1. Google Inc attributed the Plaintiff accurately but inappropriately to three additional ‘figurenude’ photographs via interstate and world-wide wire and radio communications after Google Inc scanned three images by the Plaintiff from one book from a New York library against the Plaintiff’s known desires. This was done after March 7, 2010 despite spending hundreds of thousands in legal fees against this Plaintiff to continue this for profit in addition to the millions spent in legal fees or offered artists in New York to revise copy[rite] law and claiming to rewrite federal laws in United States Courts for the Southern District of New York in violation of the common law rights of the Plaintiff. This book was later withdrawn by Google Inc.

2. This negligent and harassing action by Google Inc was done while litigating against this Plaintiff for undesired redisplay of Plaintiff’s indecent artwork and caused this Plaintiff further harm by creating another three harassing invasions of privacy protected by common law and the Constitution.

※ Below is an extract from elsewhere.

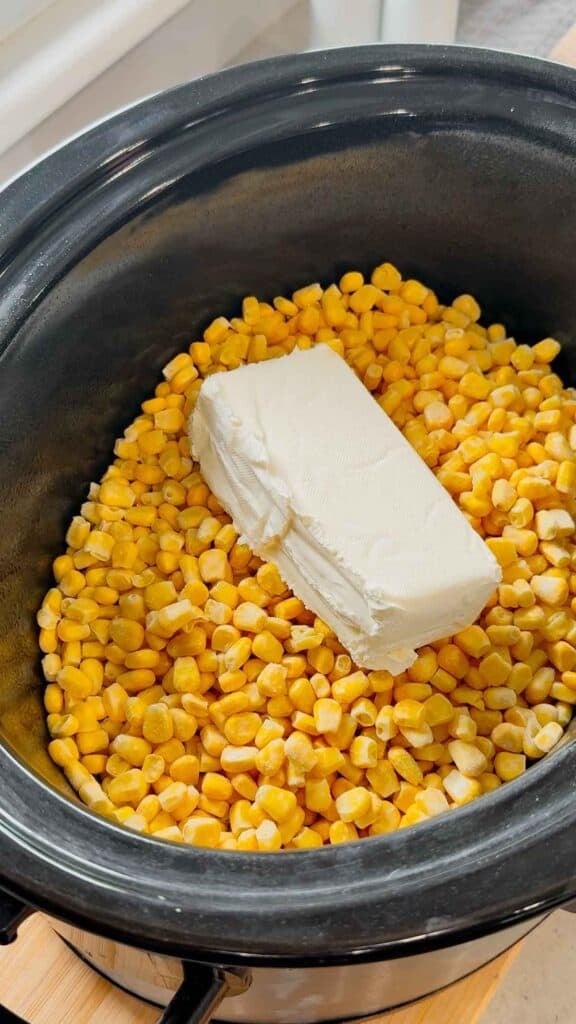 cream cheese and frozen corn in a crock pot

These were violation of exclusive common law rights and were unauthorized republication of book artwork in the wire and radio mediums. Publication was done only in the book medium. Viewing these indecent image publications purposefully required encounters with the physical book and not by simply typing “curtis neeley” into a computer connected to wires networked ANYWHERE on Earth using Google Inc “book searches”.

3. Google Inc presented Neeley in a false light by scanning indecent visual art from one book and making unauthorized world-wide republications of this indecent art making this indecency easy to encounter before anonymous unidentified minors while in public schools or anywhere on Earth searching for the Plaintiff's name.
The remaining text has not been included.